Ya llevaban cinco horas frente a la casa de Rankin. En una situación así, enseguida se te acababan los temas de conversación, aunque con los años que llevaban juntos, ya casi no les quedaban. Por consiguiente, ahí estaban, sentados, en silencio. Graves pensaba en la mujer de Sayles y en un caso antiguo.
Lo habían enviado a una casa en las afueras de Mesa en la que el hijo, de unos catorce años más o menos, llevaba un tiempo negándose a comer, asegurando que lo hacía para purificarse o algo parecido. Estaba tan débil que no podía ni salir de la cama y parecía una mantis religiosa con rostro humano. La hermana del chico, que tenía tres años menos que él, había llamado a la policía. Aparecieron unos agentes de uniforme, vieron cómo estaba el patio y reclamaron la presencia de un inspector. En el transcurso de los siguientes días, Graves vio cómo padres, médicos y juzgados discutían sobre si el chico debería ser obligado a comer. Seguían discutiendo cuando el muchacho, que ya estaba en el hospital, pilló una infección que acabó con su vida.
Graves destapó una botella de agua Arrowhead y echó un trago. Se la ofreció a su compañero y la volvió a tapar.
—No tenemos ni idea de lo que andamos buscando.
—Pues no.
No era una gran conexión, pero por el momento era lo único a lo que podían agarrarse.
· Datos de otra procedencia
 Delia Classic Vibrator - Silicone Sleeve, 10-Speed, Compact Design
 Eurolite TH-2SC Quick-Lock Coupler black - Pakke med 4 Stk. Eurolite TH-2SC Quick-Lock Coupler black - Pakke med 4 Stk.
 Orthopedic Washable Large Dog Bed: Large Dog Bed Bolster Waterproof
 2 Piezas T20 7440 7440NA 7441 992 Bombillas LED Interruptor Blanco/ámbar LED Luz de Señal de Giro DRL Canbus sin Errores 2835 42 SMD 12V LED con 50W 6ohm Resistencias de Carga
Puede que el tío al que los paramédicos habían recogido ahí, el que se esfumó del hospital, estuviese involucrado: igual era el que buscaban. Dollman. Igual volvía. Igual ya estaba ahí.
O igual no hacían más que tocarse los huevos.
La verdad es que se trataba de un barrio tranquilo. Básicamente anglosajón, poca vida en las calles, casas cerradas, patios vacíos. Solo gente que iba de la casa al coche y vuelta a empezar, con algunas escasas personas que cortaban el césped o arrancaban hierbajos. A cinco casas de allí, un tío trabajaba en el garaje con la puerta abierta, y se oía el rock clásico que emanaba de un trasto barato.
Pasó un crío en bicicleta, con la mochila atada al manillar. Una bici antigua que se parecía a una que el propio Graves había tenido de pequeño, no una de esas nuevas y fardonas con doce marchas y ruedas debiluchas. Pero en muy buen estado. Con toda probabilidad, el chico debería estar en el colegio, pensó Graves; pero luego se dijo que, total, eso no era asunto suyo.
Al cabo de cosa de media hora, sin decir nada, Sayles y él vieron a un señor mayor que doblaba la esquina sudeste y caminaba lentamente por la acera del lado de Rankin. Llevaba un traje ligero de verano —o puede que chaqueta y pantalones deportivos— y cojeaba. Pasó ante la casa, sin pararse ni cambiar de ritmo, y siguió hasta la siguiente esquina, donde se perdió de vista.
Graves puso la radio, bajita. Sayles le miró, pero no dijo nada.
—¿Una horita más y adiós muy buenas?
—Por mí, de acuerdo —repuso Sayles.
El tío del noticiario hablaba de una tragedia tremenda, de cómo a un padre de familia lo habían despedido del trabajo con una esposa en el hospital y tres críos en casa. Bueno, vale, se dijo Graves. Tragedia. Las tragedias van de fallos fatales, de tocar fondo a nivel emocional, físico o espiritual. La tragedia era lo que le ocurría a un chaval de doce años asesinado por una banda de delincuentes de camino al colegio, o lo de ese juez de ochenta años que había afrontado miles de casos y que ahora ya no recordaba ni quién era ni dónde estaba. Había que llenar espacio, y se llenaba, de la misma manera que un gas llena cualquier recipiente en el que lo metas. Y consciente de lo insignificante que era casi todo, pues lo inflabas, lo elevabas a la categoría de hipérbole y, si era necesario, te ponías a vestir la mona. ¿Lo del tío despedido? Una lástima, desde luego. Pero ni por el forro una tragedia.
—Sería útil tener una mínima idea de lo que andamos buscando —dijo Graves.
—¿Y con cuánta frecuencia sucede eso de saber lo que buscamos? —Sayles se acercó a su compañero y le apagó la radio—. Pero en este caso es bastante posible que andemos buscando un Honda —señaló con la cabeza hacia el coche de color crema que pasaba por delante de ellos— que estuvo por aquí a las 9.36 y, de nuevo, a las 13.42.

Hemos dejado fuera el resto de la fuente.